Long-term, JavaScript is dead.


That already happens, since you can already write compilers that target JS: Google wrote GWT and Dart. Microsoft seems to have gone the other way, pulling JS into native apps.


That is true, but it still is on JavaScript’s turf. With WebAssembly the JavaScript will be as ‘native’ as any other language. I think the psychological difference matters.


"WebAssembly makes the web more open because it puts nails in the coffin of Flash, Unity Player, and the like."

In practice, it does not.

It's too low level, and the APIs to access browser features are not available, so you have to go through seriously ugly APIs and just do it in JS anyhow.

So if you have to go to JS to do pretty much everything, why are we using WASM again?

Performance? Is performance the issue? Because if it is, isn't there maybe better ways of solving that problem?

It's certainly not for portability, we already have that.

To make 'web development available to C coders' ... Not sure that's it since they will invariably have to know web browsers anyhow ...

WASM is a great idea that won't gather steam until there are direct APIS. Which is on the roadmap I think.

I'd suggest just trying to build a simple WA, or even trying to make a simple app out of WA. Things look different then.

It's a nice dream to have, we're still a ways off.


This is a straw man argument. WASM is obviously not a compelling alternative to JS. There are few people crazy enough to write web apps in C. Is that the "nice dream to have"?

However, I can think of two very compelling use cases for WASM.

As an addition to JS, it gives JS programmers access to a wealth of libraries and programs written in other languages. Codecs and compression algorithms, linear algebra libraries, image and audio processing, and a million other things have good libraries that just don't happen to be written in JavaScript. Adding a WASM blob as a library you can call from JS is a huge success. Suddenly you can do tons of client-side processing that was too prohibitive before (from an engineering cost standpoint).

As an alternative to Flash and Unity Player, you can write games for the web using WASM without having to deal with JavaScript.
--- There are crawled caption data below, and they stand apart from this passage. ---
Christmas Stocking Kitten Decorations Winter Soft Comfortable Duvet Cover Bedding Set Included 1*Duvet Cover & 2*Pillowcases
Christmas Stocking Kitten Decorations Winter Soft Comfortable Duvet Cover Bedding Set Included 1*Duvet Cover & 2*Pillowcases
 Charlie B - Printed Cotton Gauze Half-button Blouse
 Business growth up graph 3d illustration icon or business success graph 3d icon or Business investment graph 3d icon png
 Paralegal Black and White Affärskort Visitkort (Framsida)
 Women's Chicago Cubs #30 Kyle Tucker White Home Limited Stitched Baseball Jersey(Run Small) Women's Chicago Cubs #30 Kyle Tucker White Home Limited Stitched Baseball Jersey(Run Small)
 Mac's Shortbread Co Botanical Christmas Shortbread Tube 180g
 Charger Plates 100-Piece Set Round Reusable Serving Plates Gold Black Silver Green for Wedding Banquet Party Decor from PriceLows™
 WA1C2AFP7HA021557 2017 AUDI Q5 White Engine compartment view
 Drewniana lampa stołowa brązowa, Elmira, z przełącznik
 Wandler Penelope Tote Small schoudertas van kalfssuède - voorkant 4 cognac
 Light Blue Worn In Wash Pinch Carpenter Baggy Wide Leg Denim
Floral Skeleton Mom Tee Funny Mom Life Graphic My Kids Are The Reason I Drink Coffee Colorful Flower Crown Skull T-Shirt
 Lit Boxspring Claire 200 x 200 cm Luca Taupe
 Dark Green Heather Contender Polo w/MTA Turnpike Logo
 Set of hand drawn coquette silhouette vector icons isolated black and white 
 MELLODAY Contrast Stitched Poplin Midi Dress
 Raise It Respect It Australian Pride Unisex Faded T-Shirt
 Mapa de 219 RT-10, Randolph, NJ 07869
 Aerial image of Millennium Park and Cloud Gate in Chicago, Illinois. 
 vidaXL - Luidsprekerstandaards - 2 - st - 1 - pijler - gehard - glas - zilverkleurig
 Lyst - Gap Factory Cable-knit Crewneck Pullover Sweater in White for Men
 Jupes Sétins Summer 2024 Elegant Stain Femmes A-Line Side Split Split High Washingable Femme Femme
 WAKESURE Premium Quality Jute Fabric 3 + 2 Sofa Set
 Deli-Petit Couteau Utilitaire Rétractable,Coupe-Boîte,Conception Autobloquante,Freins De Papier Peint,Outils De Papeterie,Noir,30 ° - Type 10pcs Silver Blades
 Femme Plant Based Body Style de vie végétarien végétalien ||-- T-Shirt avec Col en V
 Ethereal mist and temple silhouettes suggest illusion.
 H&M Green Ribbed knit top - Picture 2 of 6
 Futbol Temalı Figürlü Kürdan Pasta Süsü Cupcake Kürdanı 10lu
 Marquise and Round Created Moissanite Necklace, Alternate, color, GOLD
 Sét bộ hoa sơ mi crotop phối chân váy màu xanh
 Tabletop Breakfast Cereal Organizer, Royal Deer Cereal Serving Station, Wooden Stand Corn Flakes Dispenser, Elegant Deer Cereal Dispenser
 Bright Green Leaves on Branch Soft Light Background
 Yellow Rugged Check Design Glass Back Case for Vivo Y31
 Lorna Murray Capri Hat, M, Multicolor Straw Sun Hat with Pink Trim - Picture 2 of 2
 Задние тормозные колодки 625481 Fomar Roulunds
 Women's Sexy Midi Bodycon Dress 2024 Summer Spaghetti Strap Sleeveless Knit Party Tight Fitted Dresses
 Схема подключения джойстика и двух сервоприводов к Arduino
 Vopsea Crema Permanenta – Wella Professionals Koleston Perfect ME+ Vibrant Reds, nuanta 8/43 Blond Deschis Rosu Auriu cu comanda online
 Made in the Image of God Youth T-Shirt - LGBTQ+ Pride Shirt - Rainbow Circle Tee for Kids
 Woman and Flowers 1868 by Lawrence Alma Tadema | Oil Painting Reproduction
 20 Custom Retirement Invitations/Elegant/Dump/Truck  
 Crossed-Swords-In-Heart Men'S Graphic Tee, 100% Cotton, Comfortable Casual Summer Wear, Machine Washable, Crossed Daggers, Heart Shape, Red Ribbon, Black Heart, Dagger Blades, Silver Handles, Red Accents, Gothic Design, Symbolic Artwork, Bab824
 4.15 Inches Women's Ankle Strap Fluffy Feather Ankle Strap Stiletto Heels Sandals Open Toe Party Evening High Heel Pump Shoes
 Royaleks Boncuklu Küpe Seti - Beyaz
Having used WASM personally, I can say with conviction that it is a compelling addition to the open web.


"lash and Unity Player, you can write games for the web using WASM without having to deal with JavaScript."

No, you have to go through a seriously crazy api wherein data is passed into a single managed array in wasm, and pulled off in JS and visa versa.

Ok - so accessing C libs is useful?

Are bindings from other languages to C considered to be really an important things for those languages?

Was there a specific set of libs that we were angling for?

Does it even make sense to do those things in the browser?

And what about the limitations - i.e. having to pass data into and out of the WASM container - does that play well with usage of 'codecs'?

Maybe not.

So why again does WASM exist?

What as the compelling use case?

Flash/UX is definitely not it.

I don't see any real uses cases for things like codes, nor was I seeing demand.

So where is the market/product need? And use case?

This is cool tech that's a long way off from being useful in the real world.

Having gone through the pain of writing my own little app, I realized that it's still fairly bleeding edge. I will go back to it when there are deeper APIs between JS and C, are the toolchain is more stable.


> No, you have to go through a seriously crazy api wherein data is passed into a single managed array in wasm, and pulled off in JS and visa versa.

That's false. When writing a game, you interact with APIs in your implementation language (e.g. SDL).

> Are bindings from other languages to C considered to be really an important things for those languages?

Yes, it's a fairly critical feature, which is why successful languages almost universally have a C FFI. Some languages have several FFIs to choose from, and others can even integrate with the C preprocessor. So many libraries that we use on a daily basis are written in other languages than the languages we use, and that's just how modern programming works.

> So where is the market/product need? And use case?

> This is cool tech that's a long way off from being useful in the real world.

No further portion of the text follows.